We had decided that we wanted to try our hands at altitude again so the next day we had booked a trek up Carihuayrazo volcano (now inactive), which is 5,026 metres high. Not that we trekked all of that…we drove to about 4,300m first and walked from there. This was an amazing day…stunning, incredible and difficult as hell!! For starters, we haven’t been in altitude for quite a few months now so we weren’t acclimatised at all (Quito doesn’t count, we were only there for one night), and on top of that, we were climbing up a glacier, which is not easy at the best of times! I was in tears, multiple times, I broke through my “I can’t do this anymore!” barrier about 6 times (for those of you who haven’t realised, it is now Sarah typing, its not Ben who cried multiple times…he may have cried on the inside though). It really was the most difficult thing I have ever done…I felt wretched and dizzy and like I was going to pass out and scared…all of this all rolled into one little ball of fun! I think Ben loved me more than ever…although he was very proud of me that I made it to the top when I had been saying for the last hour that I couldn’t go any further. Yes people, we made it to the top!! It was the most amazing feeling and our guide gave us both a hug and a hearty congratulations when we did! Did I mention that we were accompanied by a 10 year old boy…in gumboots…hmm…that was embarrassing during my breakdowns when he would just stand there quietly and wait for us to start moving again. He did live on the mountain though at about 4,000m…so he was used to the altitude. On the way back down it was hilarious…Ben was feeling the altitude quite a bit as well by this point…we were like two drunks! We actually have film of us, stumbling down the glacier…I’m sure we both giggled a lot too. It didn’t help that I had little gumboot boy Diego, tied to me in front and he was having great fun running and sliding down as fast as he could, falling over and pulling me with him! It was an incredible day (once we had finished and were back at the car obviously), only tainted by our guides crazy driving on the way back to town…to say we were slightly scared is an understatement.

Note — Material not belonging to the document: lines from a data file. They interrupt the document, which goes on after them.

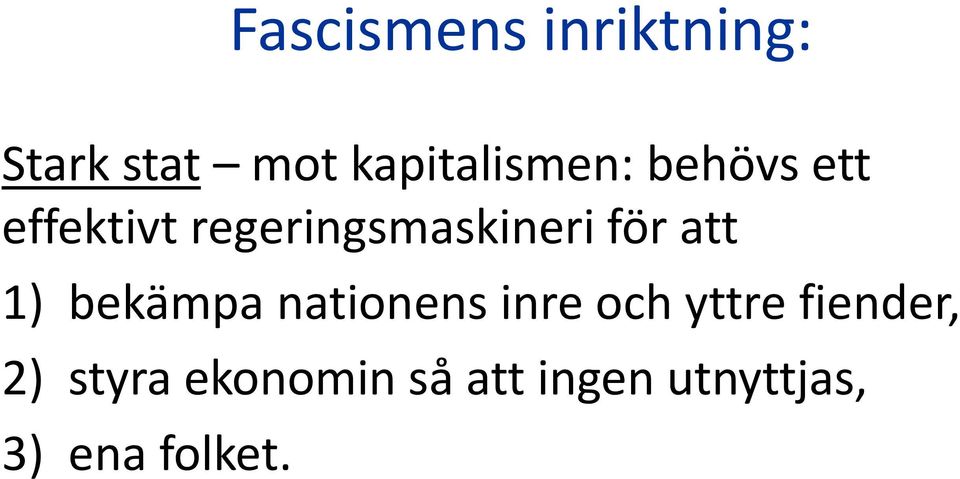 regeringsmaskineri för att 1) bekämpa nationens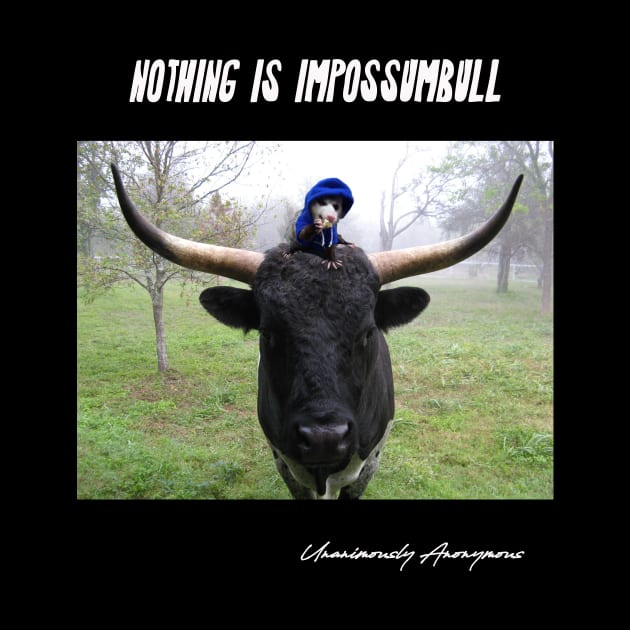 Nothing Is Impossumbull by UnanimouslyAnonymous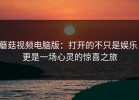 蘑菇视频电脑版：打开的不只是娱乐，更是一场心灵的惊喜之旅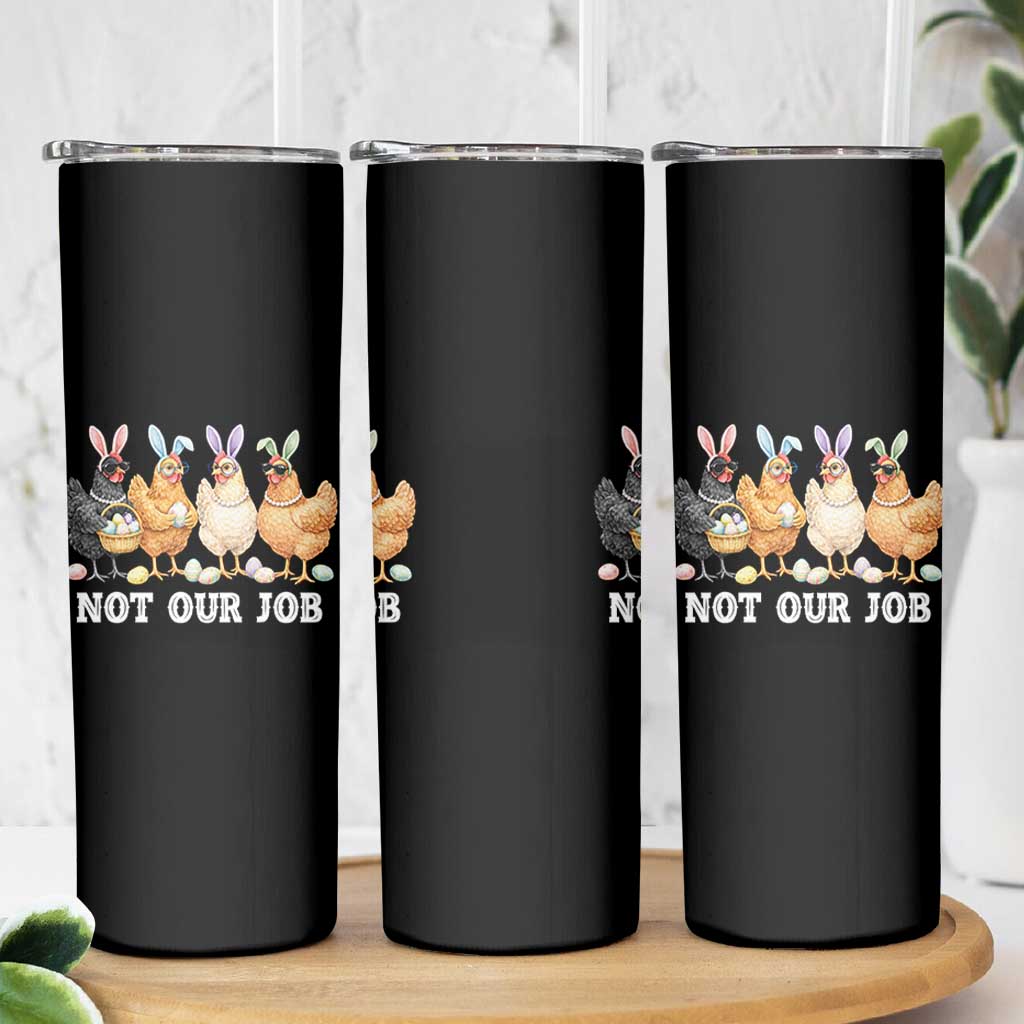 Funny Easter Chicken Skinny Tumbler Not Our Job Bunny Hen Egg Hunter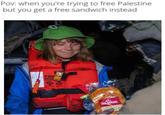 A meme reading, "Pov: when you're trying to free Palestine but you get a free sandwich instead." The meme uses and image of Greta Thunberg taking a sandwich.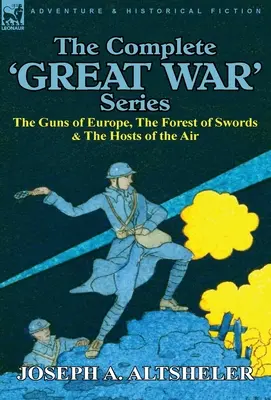 Seria completă „Marele Război”: Tunurile din Europa, Pădurea de săbii și oștile din aer - The Complete 'Great War' Series: The Guns of Europe, the Forest of Swords & the Hosts of the Air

We decided that after all this activity it was time for us to chill out a bit…so the last day we had a bit of a “spa” in out hostel (hilarious, we sat in little wooden boxes with our heads sticking out and they filled up with steam, alternating with a little man splashing ice cold water all over us!), followed by a lovely one hour massage. We also hired a buggy in the afternoon, just to give it a go…but it was not nearly as fun as the quad and motor bikes. We then headed back to Quito for another night before flying to Santiago. All in all, Banos was an excellent way to spend our limited days in Ecuador, it was a beautiful place and there was so much to do!

Well that is it for Ecuador!! We weren’t there for long, but long enough to appreciate what an amazing country it is and, yes you guessed it, long enough to know that we have to come back and see the rest of it.